Transcribe the data exactly, omitting whatever pictures it holds.

- **Data segment**:
+ + +
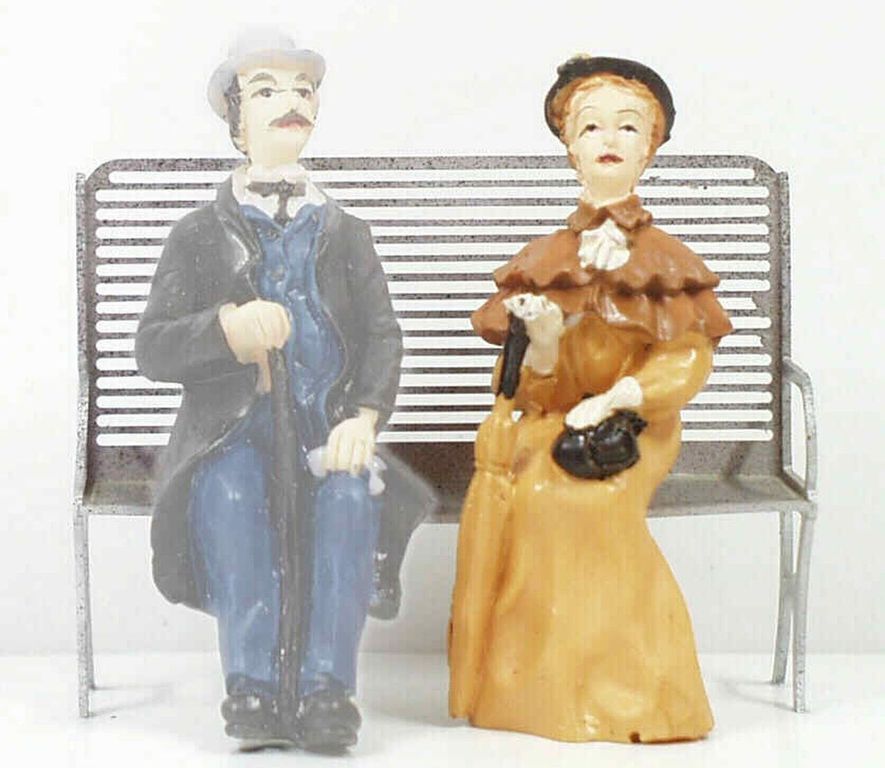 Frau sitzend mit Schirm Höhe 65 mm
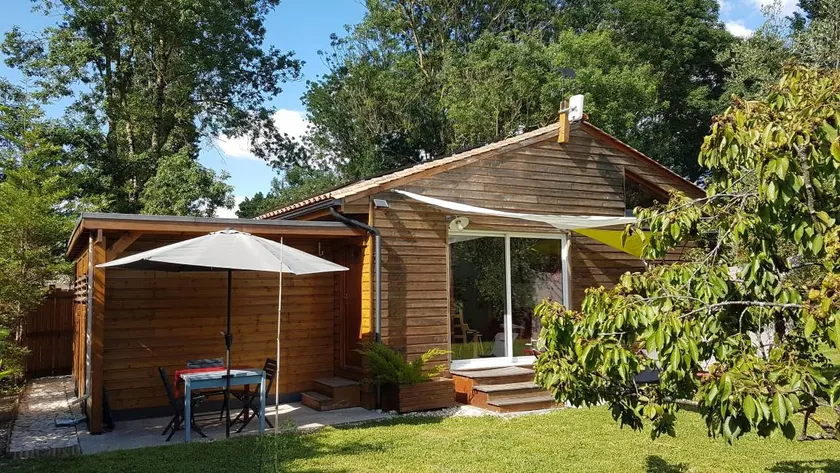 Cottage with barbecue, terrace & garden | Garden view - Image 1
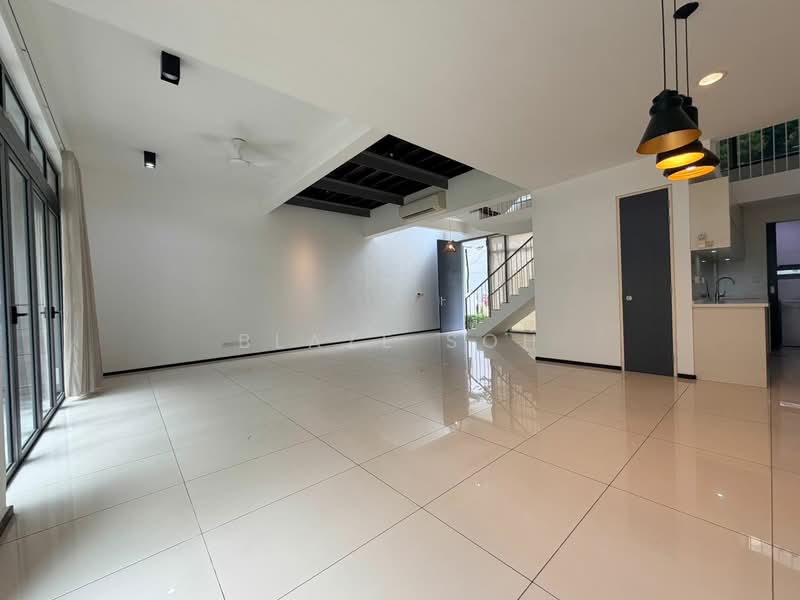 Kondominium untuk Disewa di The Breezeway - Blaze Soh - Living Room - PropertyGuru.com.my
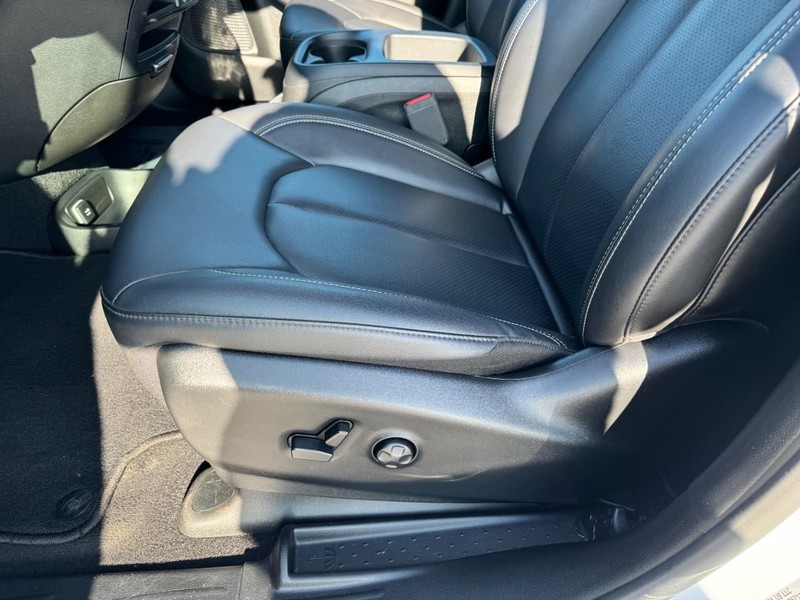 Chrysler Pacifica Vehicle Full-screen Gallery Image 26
+ + +
- **Response to the task**:
 Frau sitzend mit Schirm Höhe 65 mm
 Cottage with barbecue, terrace & garden | Garden view - Image 1
 Kondominium untuk Disewa di The Breezeway - Blaze Soh - Living Room - PropertyGuru.com.my
 Chrysler Pacifica Vehicle Full-screen Gallery Image 26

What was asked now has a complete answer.